I have ordered from modchipsdirect before without incident of being scammed or anything. Same with 3dsgamerworld. I haven't used digitopz, so I can't really say.

http://www.resellerratings.com/store/Digitopz
There are only 2 reviews, so far it doesn't look like it is a scam site.

http://shoptemp.net/shop/digitopz.html
Seems ok from other gbatemp ppl.


If your going to try and order from 3dsgamerworld, use the estimate shipping to see if they ship to mexico when your on the shopping cart page or you can PM https://gbatemp.net/members/3dsgamerworld-com.358893/ if you got a problem with your order.


----------



## Scarecrow B (Dec 30, 2015)

Thanks for the info, I think I'll wait until modchipsdirect has stock since they sell the card for less $$ than 3dsgamerworld.


----------



## how_do_i_do_that (Dec 30, 2015)

The 79.99 price is a pre-order price.

In the description on the modchipsdirect page for the sky3ds+.

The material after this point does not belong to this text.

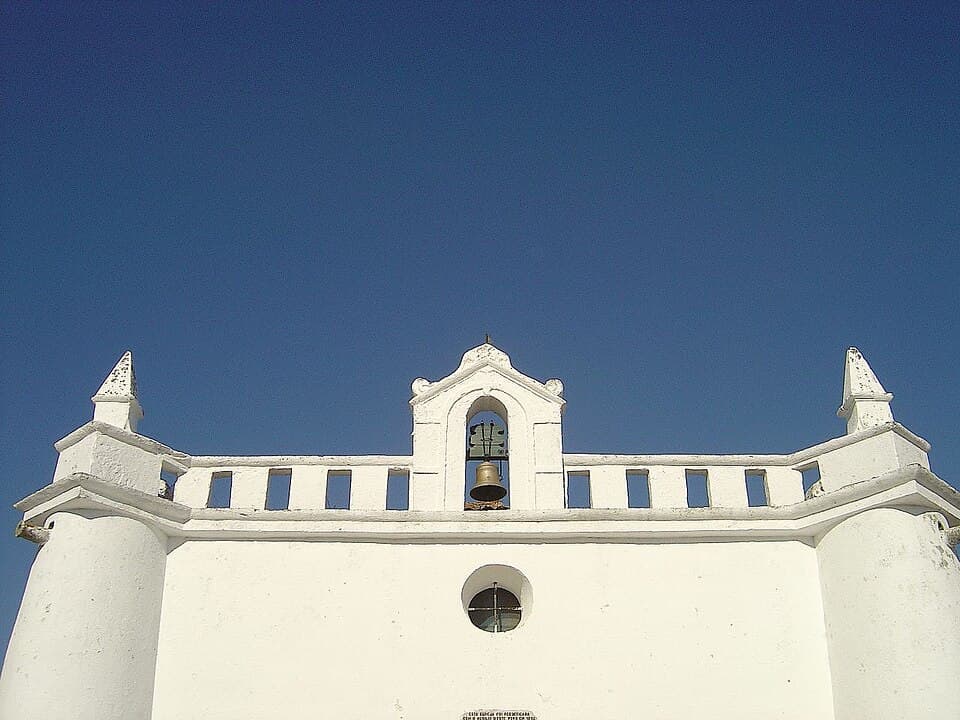 Fachada branca da Ermida de São Sebastião, em Alvito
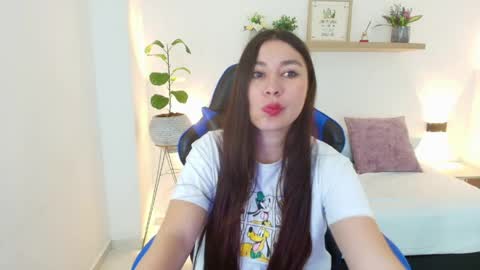 Snapshot of bella_99x chatting on May 2, 2026, 11:04 am Bel 3 online show from May 2, 2026, 11:04 am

> Cost at this point is unknown, however we are pretty sure we will need to sell for $89.99 when it is released.So 79.99 is a preorder price ONLY and we will honor it even if its below cost



Your likely to pay closer to the 90 bucks rather than the 79.99 price for it. Everyone else has it for around 87 bucks range. I am telling you this right now so you don't consider getting charged 90 bucks instead as a bait and switch ploy of some kind when it does get listed as in stock.


----------



## gameboy (Dec 30, 2015)

i ordered three times from mcd and they are the fastest shipping from my own experience with no problem


----------



## Scarecrow B (Dec 30, 2015)

how_do_i_do_that said:


> The 79.99 price is a pre-order price.
> 
> In the description on the modchipsdirect page for the sky3ds+.
> 
> ...



Wow, I didn’t read that, you are right. Anyway, I'll wait until it is in stock and then I'll buy from the less expensive (between modchipsdirect and 3dsgamerworld).


----------



## Scarecrow B (Dec 30, 2015)

Well apparently 3dsgamerword don't accept mastercard or prepaid visa, only regular visa, so I guess I'll have to wait for modchisdirect since I only have mastercard and prepaid visa cards.


----------



## how_do_i_do_that (Dec 30, 2015)

Prepaid card from mexico are likely the same as the US prepaid cards, only for domestic use only. You might want to check the prepaid card terms of use and see if they support international purchases while you wait to place your order with modchipsdirect.


----------